Strip away the noise and one pattern explains both the goal conceded and most of Morocco’s first-half dominance.
Both sides lined up in a 4-2-3-1, which on paper should produce a fairly even midfield battle. It did not. Morocco’s front four, Diaz, Saibari, Bilal El Khannouss and Neil El Aynaoui, kept finding pockets of space between Brazil’s double pivot of Casemiro and Lucas Paqueta and the back four. That gap is the space a double pivot is supposed to close by sitting deep and narrow while staying connected to the defense, and for the opening half hour Brazil’s pivot did neither well.
The goal itself came from individual error as much as system failure.
Paqueta lost control of a pass from Roger Ibanez, the ball ran loose, Morocco pounced, and within three touches Diaz had threaded it through for Saibari.
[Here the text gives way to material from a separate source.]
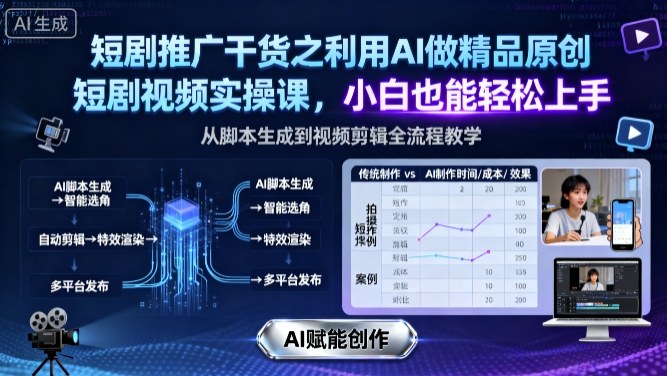 短剧推广干货之利用AI做精品原创短剧视频实操课，小白也能轻松上手-老K资源网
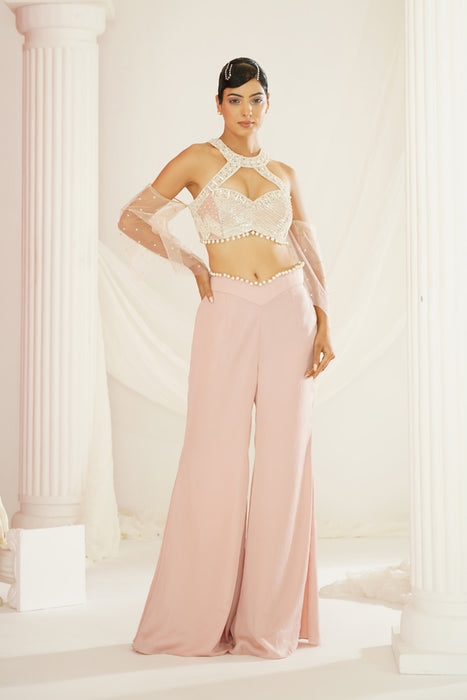 blush pink embellished Blouse and pallazo set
But individual mistakes get punished harder when the team shape is not protecting against them, and Brazil’s shape left exactly the lane Morocco needed.
Ancelotti’s response was decisive rather than cosmetic. He pulled Ibanez and Casemiro at halftime for Danilo and Fabinho, a double change before the second half had even started. That is not a tweak. That is an admission that the back four and the pivot both needed resetting. Brazil conceded nothing else for the remaining hour, which suggests the swap did its job defensively, even if it never fully solved their attacking spark either.
Morocco’s first-half performance deserves more credit than a 1-1 final score usually gets a losing-the-lead side.
Walid Regragui’s team out-dueled Brazil 62 to 53 in total duels won and forced more shots overall, 14 to 12. Achraf Hakimi caused problems down the right all match, and Noussair Mazraoui led all defenders in defensive interventions before going off in the 80th minute. For a team that had to play most of the second half without El Khannouss and Diaz, both substituted by the 80th minute, holding a draw against five-time champions away from home, in conditions that hit 88 degrees Fahrenheit, says plenty about their fitness and discipline.
Vinicius Junior’s goal, in fairness, was pure individual quality. Guimaraes worked the ball to him on the left, he created half a yard with two touches, and he beat Yassine Bounou far side. That is not a structural pattern. That is one of the best players alive doing what he does.
Make no mistake, the deeper issue for Brazil sits in central midfield, not at the back. Ancelotti’s most useful fix here is not personnel. It is instructing whichever pivot pairing starts against Scotland to stay five to eight yards tighter to the back four whenever the opposition’s number ten drops between the lines, closing exactly the route Diaz exploited rather than reacting to it after the fact.
Brazil are unbeaten. They are also not yet the team their name suggests.